2010-10-08 Thread Scott Kitterman
On Friday, October 08, 2010 01:41:15 pm Murray S. Kucherawy wrote:
  -Original Message-
  From: ietf-dkim-boun...@mipassoc.org
  [mailto:ietf-dkim-boun...@mipassoc.org] On Behalf Of Scott Kitterman
  Sent: Friday, October 08, 2010 10:01 AM
  To: ietf-dkim@mipassoc.org
  Subject: Re: [ietf-dkim] detecting header mutations after signing
  
   We want to re-submit DKIM Signing to Proposed Standard, in order to fix
   an edge condition that is only a theoretical issue and only fixes a
   problem that is actually outside of the scope of what DKIM is trying
   to achieve?
  
  Detecting modification in transit is outside the scope of what DKIM is
  trying to achieve?
 
 Doesn't DKIM try to detect modification of the portion covered by the
 hashes, which is unchanged in this scenario?

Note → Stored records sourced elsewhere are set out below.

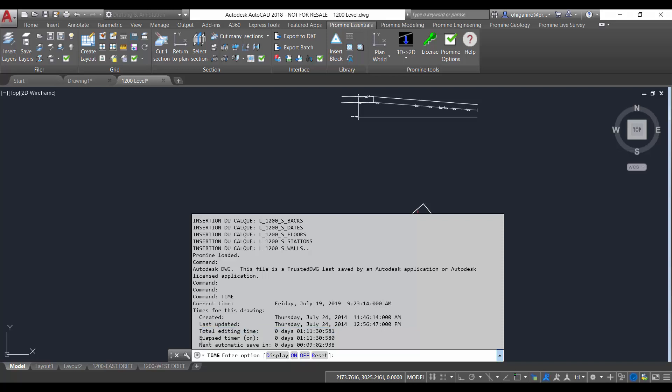We also have the elapsed timer. The elapsed timer runs another timer while the program is running. You can turn it on and off or reset it whenever you like.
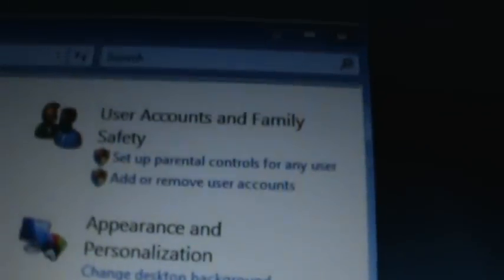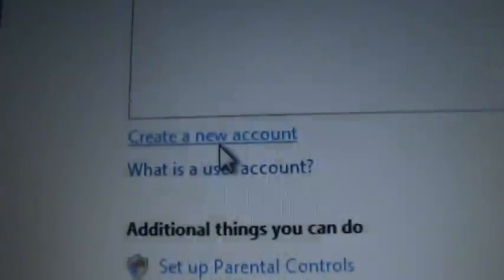So what you're going to do is start control panel, and then you're going to want to find where you can have user accounts. So you're just going to set up a new one. You just click on it and then do create new account.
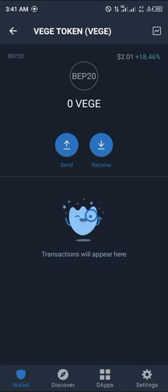And voila — the token appears with its price and percentage changes all displayed. Thank you guys for tuning in to today's short video. If you have any questions about how to add custom tokens, comment down below and you'll be provided with an answer. Thank you.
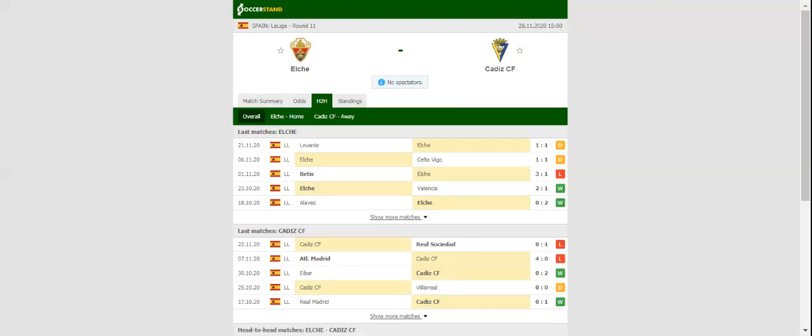The Yellow Submarine, on the other hand, made a flying start to the season, but they could not deal with Atletico Madrid 0-4 and Real Sociedad 0-1 in the previous two league fixtures.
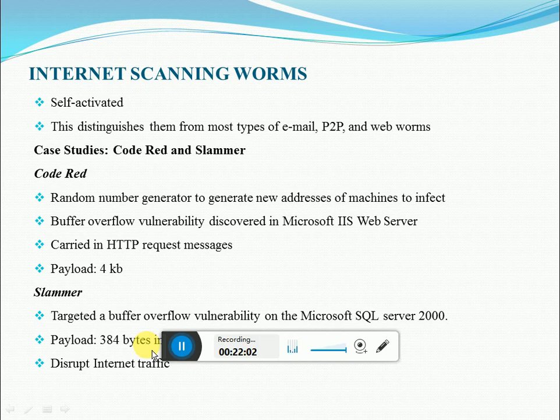Next we'll talk regarding the worm propagation model. This topic will be discussed in the next class. Thank you.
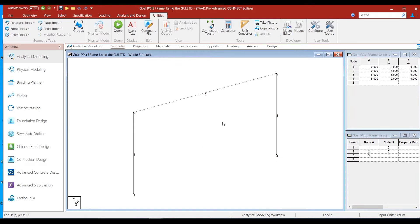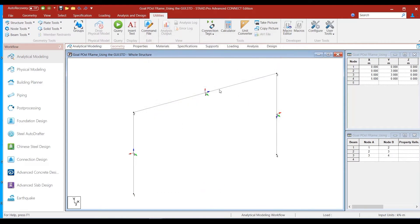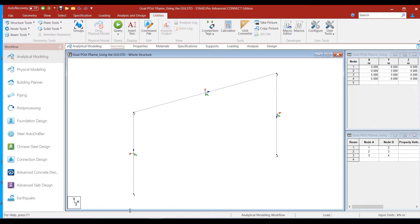Let us look into the local axis system of the members. Checking the beam orientation, we find that the local x-axis is parallel to the global x-axis, the local y-axis is parallel to the global y-axis, and the local z-axis is parallel to the global z-axis. Therefore, the depth of the beam section is defined by YD and the width is defined by ZD.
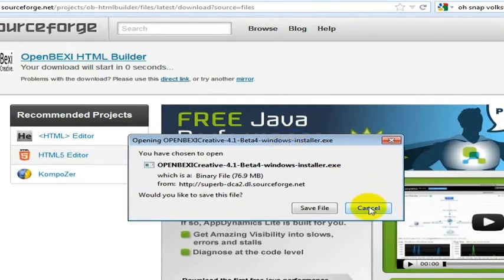Alright, we will move to the next step and we will see you in that step at 3moneymethods.com.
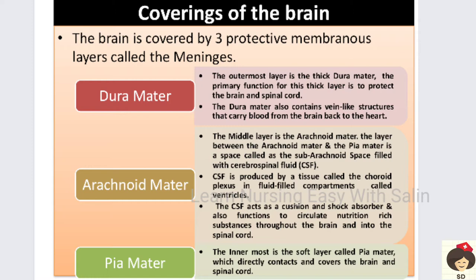The middle layer is called the arachnoid membrane or arachnoid mater. Between the arachnoid and the inner layer — the pia mater — there is a space called the subarachnoid space, which is filled with cerebrospinal fluid (CSF). This CSF is formed by the choroid plexuses of the brain — fluid-filled compartments in the brain called ventricles — and from these ventricles CSF is produced.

For what I view as a very abstract definition of unchanged, sure.  I think 
adding additional From or Subject does change the content of the message From 
or Subject.  If one takes the view that we've defined things such that this is 
OK from a protocol definition perspective, so it's not an issue, I think we've 
lost sight of the original goal of this requirement in the protocol.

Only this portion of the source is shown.